**EXERCISE PROMPT**
A word-for-word copy of the records is needed, with every picture left out.

**DATA RECORDS**
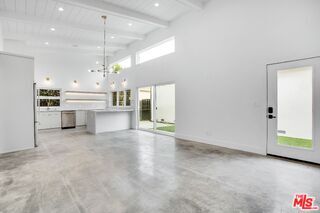 Foto del edificio - 2723 Burkshire Ave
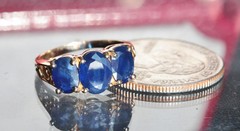 14k yellow gold size 5 ring 2.50ct natural Ceylon treated sapphire 3 stone 2.8g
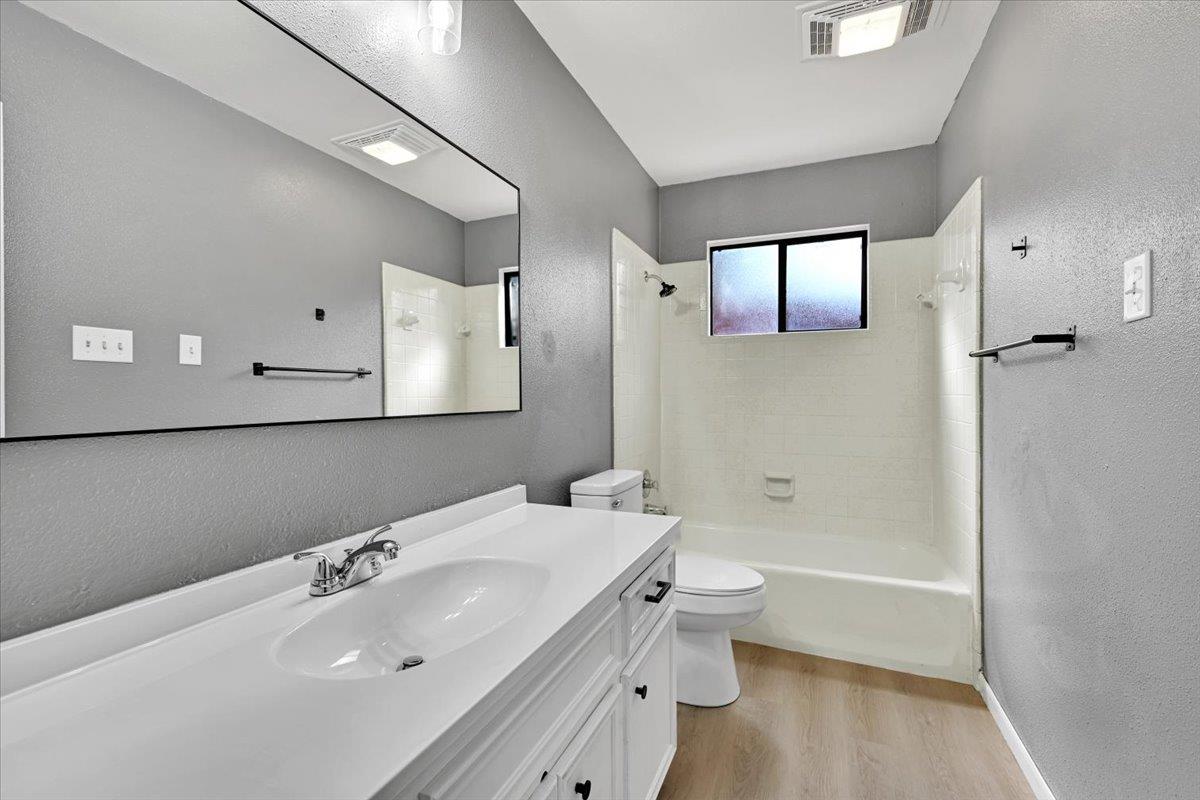 3311 Treadsoft Cv Property Photo 17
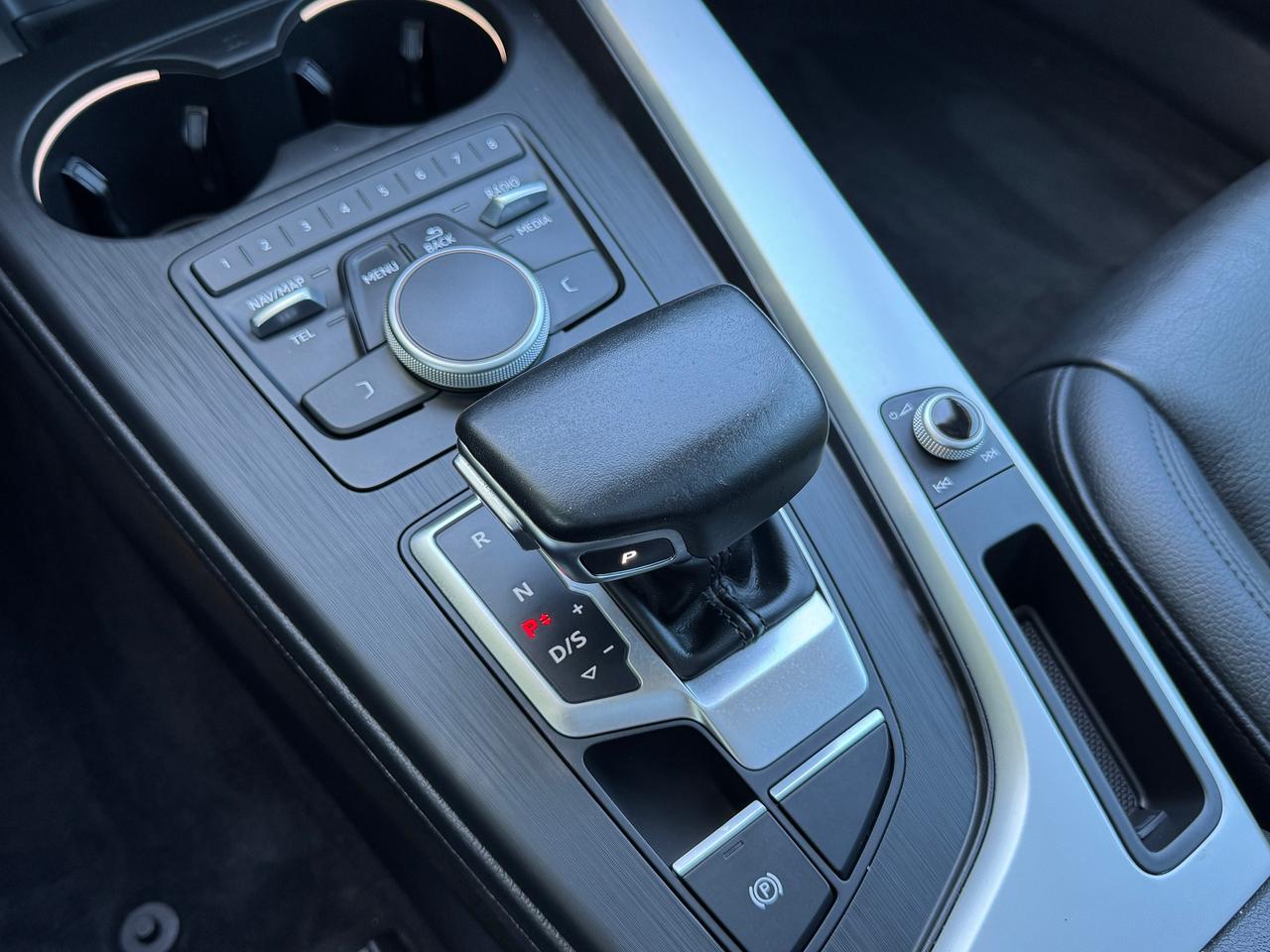 2017 Audi A4 Komfort Quattro TFSI+CLEAN CARFAX Photo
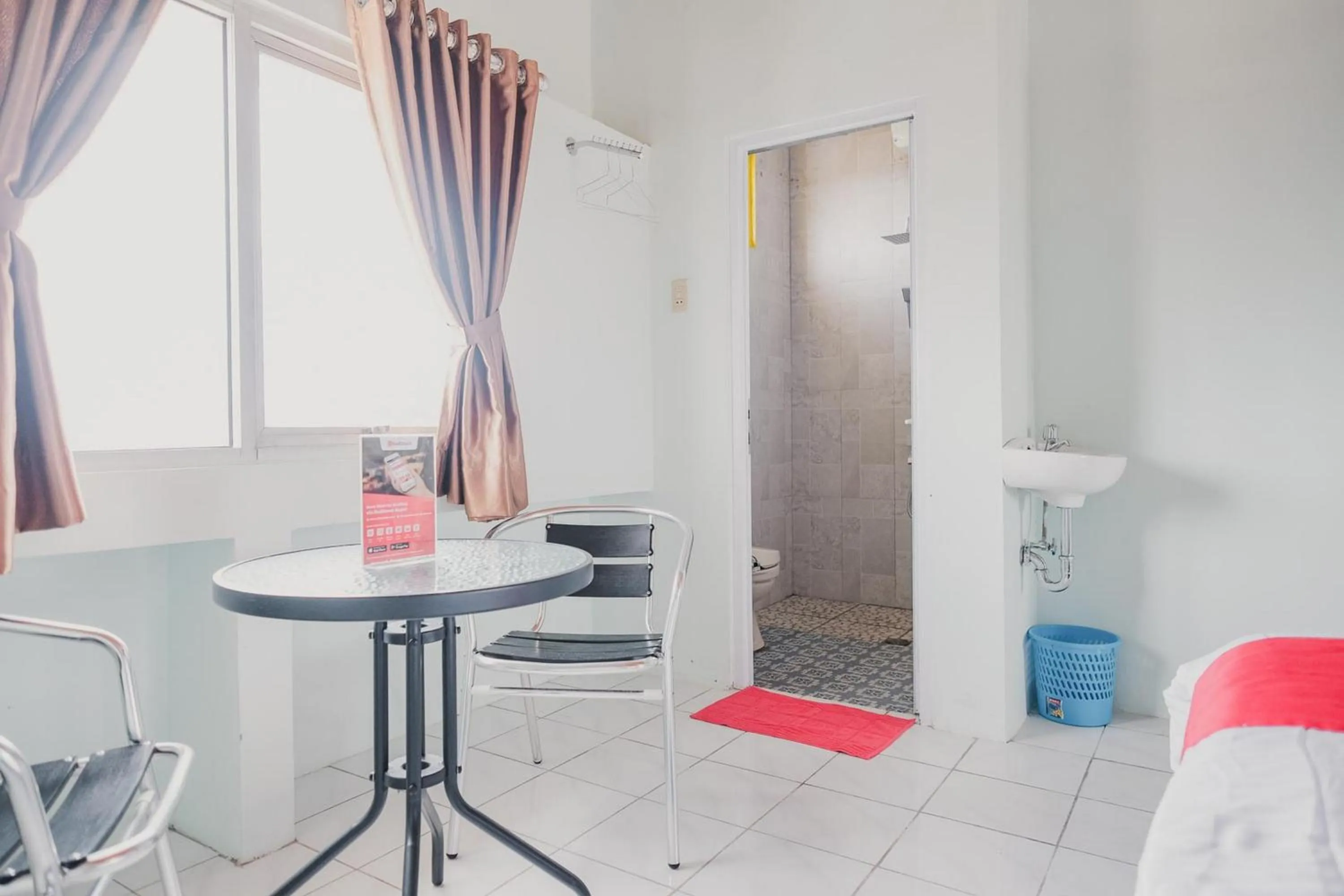 RedDoorz @ Jalan Pangeran Antasari Lampung 2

**RESULT BELOW**
 Foto del edificio - 2723 Burkshire Ave
 14k yellow gold size 5 ring 2.50ct natural Ceylon treated sapphire 3 stone 2.8g
 3311 Treadsoft Cv Property Photo 17
 2017 Audi A4 Komfort Quattro TFSI+CLEAN CARFAX Photo
 RedDoorz @ Jalan Pangeran Antasari Lampung 2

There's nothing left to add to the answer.